Christy Heffernan

Personal information
- Native name: Críostóir Ó hIfearnáin (Irish)
- Born: 26 December 1957 (age 68) Glenmore, County Kilkenny, Ireland
- Occupations: Insurance Broker & Auctioneer
- Height: 6 ft 4 in (193 cm)

Sport
- Sport: Hurling
- Position: Full-forward

Club
- Years: Club
- 1975-1999: Glenmore

Club titles
- Kilkenny titles: 4
- Leinster titles: 2
- All-Ireland Titles: 1

Inter-county*
- Years: County / Apps (scores)
- 1979-1993: Kilkenny / 32 (16-34)

Inter-county titles
- Leinster titles: 7
- All-Irelands: 4
- NHL: 4
- All Stars: 1
- *Inter County team apps and scores correct as of 22:45, 21 November 2016.

= Christy Heffernan =

Irish hurler

Christy Heffernan (born 26 December 1957) is an Irish retired hurler who played as a full-forward for the Kilkenny senior team.

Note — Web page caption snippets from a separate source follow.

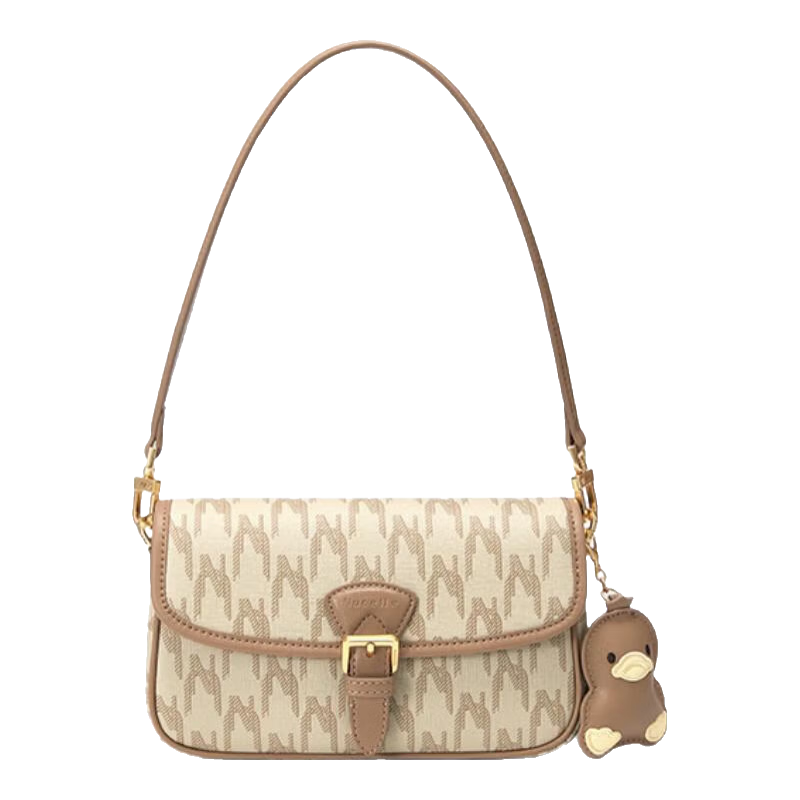 NUCELLE Women's Handbag, 2026 New Light Luxury Niche Small Square Bag, Commuter Shoulder Crossbody Ladies Purse, Birthday Gift for Wome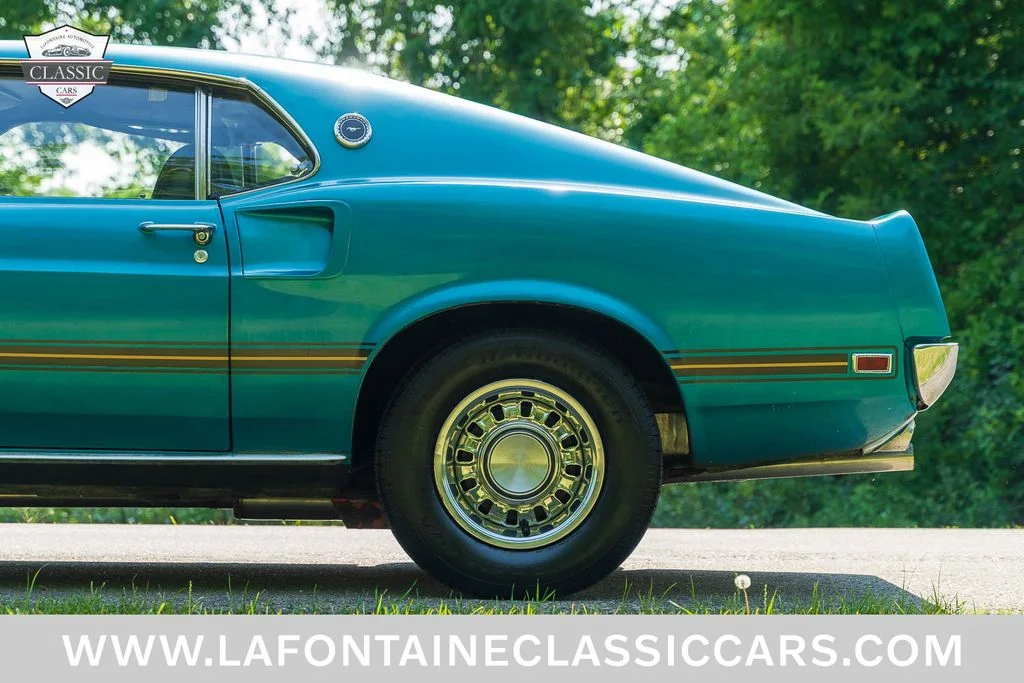 Used 1969 Blue Ford Mach 1 image 21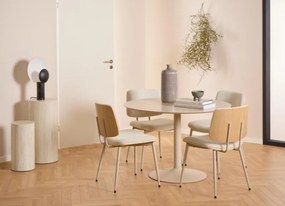 Sada 2 ks odkládacích stolků DICE béžový kámen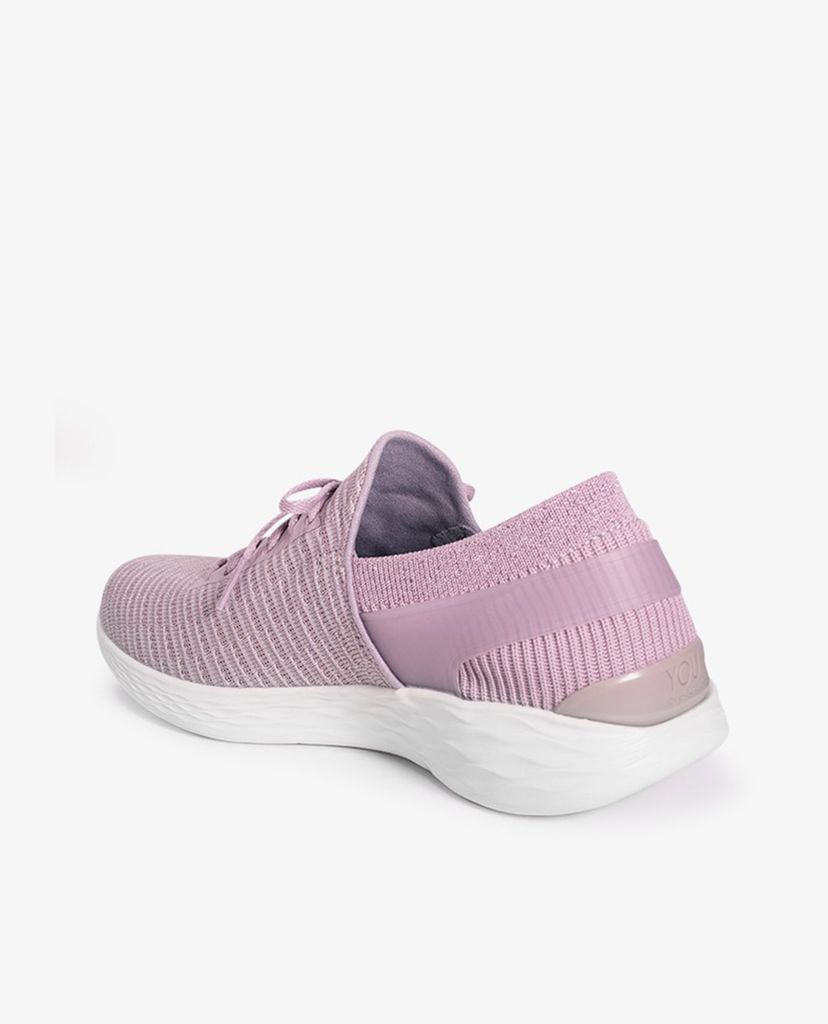 SKECHERS - Giày sneakers nữ phối dây thời trang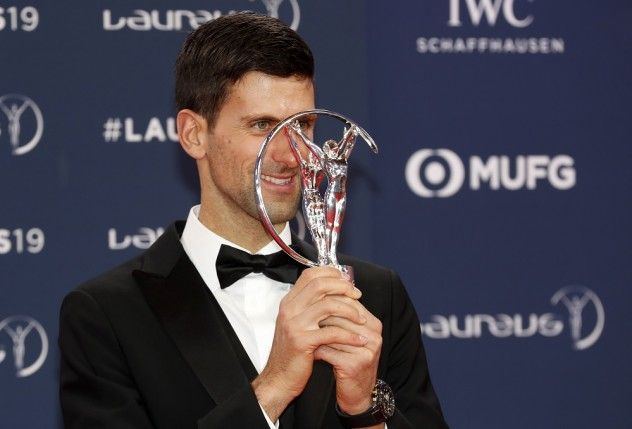 Laureus: Đoković u užem izboru za najprestižniju nagradu u svijetu sporta!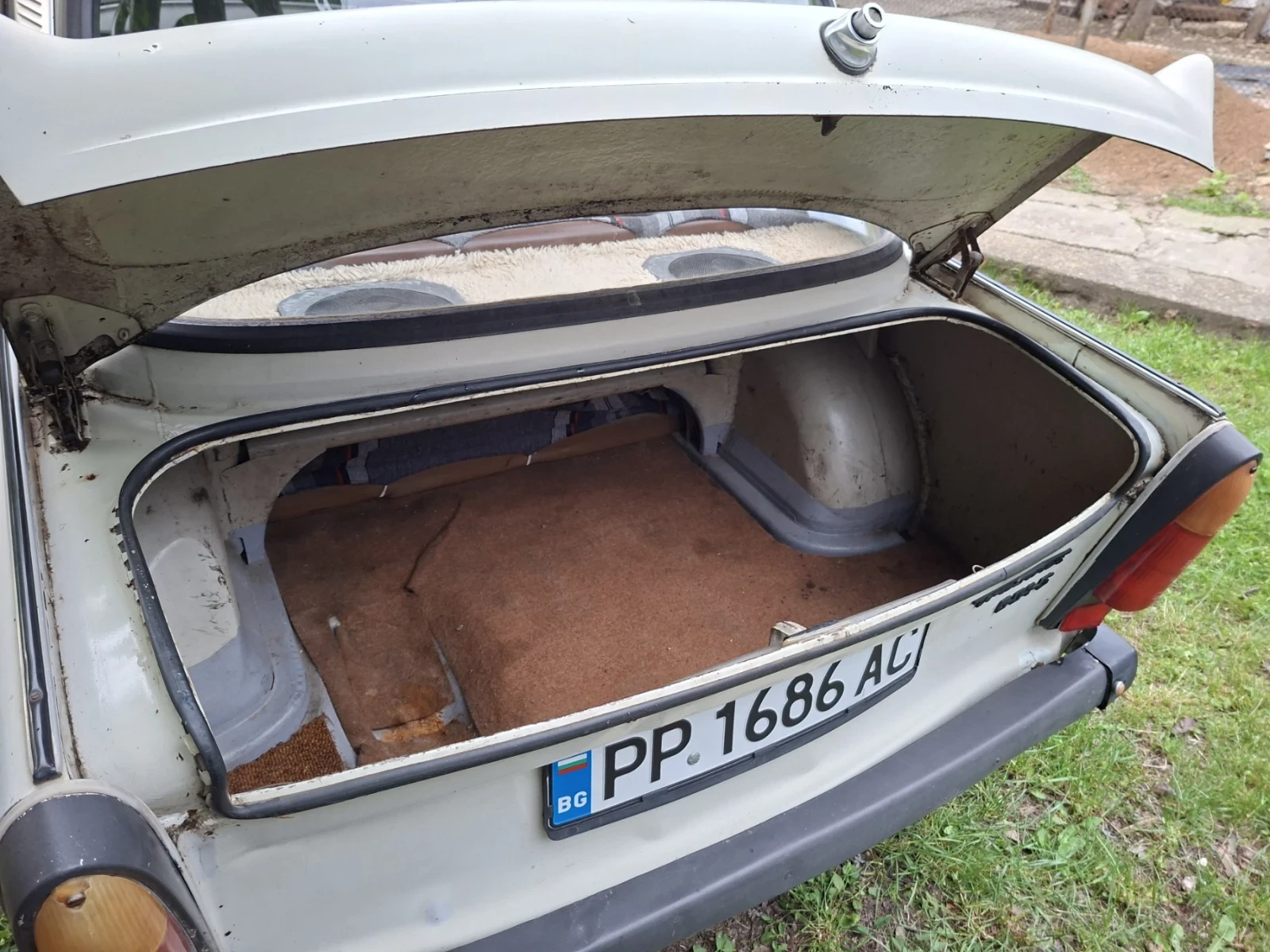 Trabant 601, снимка 7 - Автомобили и джипове - 55831419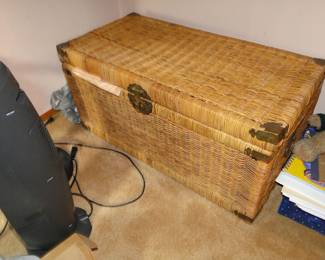 Wicker Trunk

Born in Glenmore, County Kilkenny, Heffernan first arrived on the inter-county scene at the age of twenty-two when he first linked up with the Kilkenny senior team. He made his senior debut during the 1981 championship. Heffernan went on to play a key part for Kilkenny, and won four All-Ireland medals, seven Leinster medals and four National Hurling League medals. He was an All-Ireland runner-up on two occasions.

As a member of the Leinster inter-provincial team on a number of occasions, Heffernan won one Railway Cup medal in 1989. At club level he is a one-time All-Ireland medallist with Glenmore. In addition to this he also won two Leinster medals and five championship medals.
He also captained the Glenmore Senior Football team to victory in the 1989 county final, also winning man of the match by scoring 5 points from the middle of the field.

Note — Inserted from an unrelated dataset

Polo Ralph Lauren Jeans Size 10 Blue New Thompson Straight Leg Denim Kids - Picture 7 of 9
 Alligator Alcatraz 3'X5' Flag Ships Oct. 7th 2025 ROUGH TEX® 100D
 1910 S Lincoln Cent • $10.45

Throughout his career Heffernan made 32 championship appearances. He retired from inter-county hurling following the conclusion of the 1993 championship.

Heffernan is widely regarded as one of Kilkenny's all-time greatest players. During his playing days he won one All-Star award, while he was later chosen at full-forward on the Kilkenny Hurling Team of the Century.

==Playing career==

===Club===

Heffernan played his club hurling with his local Glenmore club. He enjoyed much success with the club and won his first senior county title as captain in 1987. Heffernan won a second county medal in 1990 and this was quickly converted into a Leinster club title. Glenmore later defeated Patrickswell in the All-Ireland final, with Heffernan scoring the winning goal in the 33rd minute. In 1992 Heffernan won his third county medal. 1995 saw Glenmore winning a fourth county title which was subsequently converted into a second Leinster club title for Heffernan.

===Inter-county===
Heffernan first came to prominence on the inter-county scene in the early 1980s. He was a member of the Kilkenny senior hurling team that won the National Hurling League in 1982 and later collected his first Leinster title. Heffernan subsequently won his first All-Ireland medal as Kilkenny defeated Cork in the championship decider. The following year Heffernan won his second National League title before winning his second Leinster title. He later won his second consecutive All-Ireland medal following a second consecutive defeat of Cork in the final. Kilkenny lost their provincial crown for the following few years, however, Heffernan won a third National League medal and a third Leinster medal in 1986, however, 'the Cats' were beaten in the All-Ireland semi-final.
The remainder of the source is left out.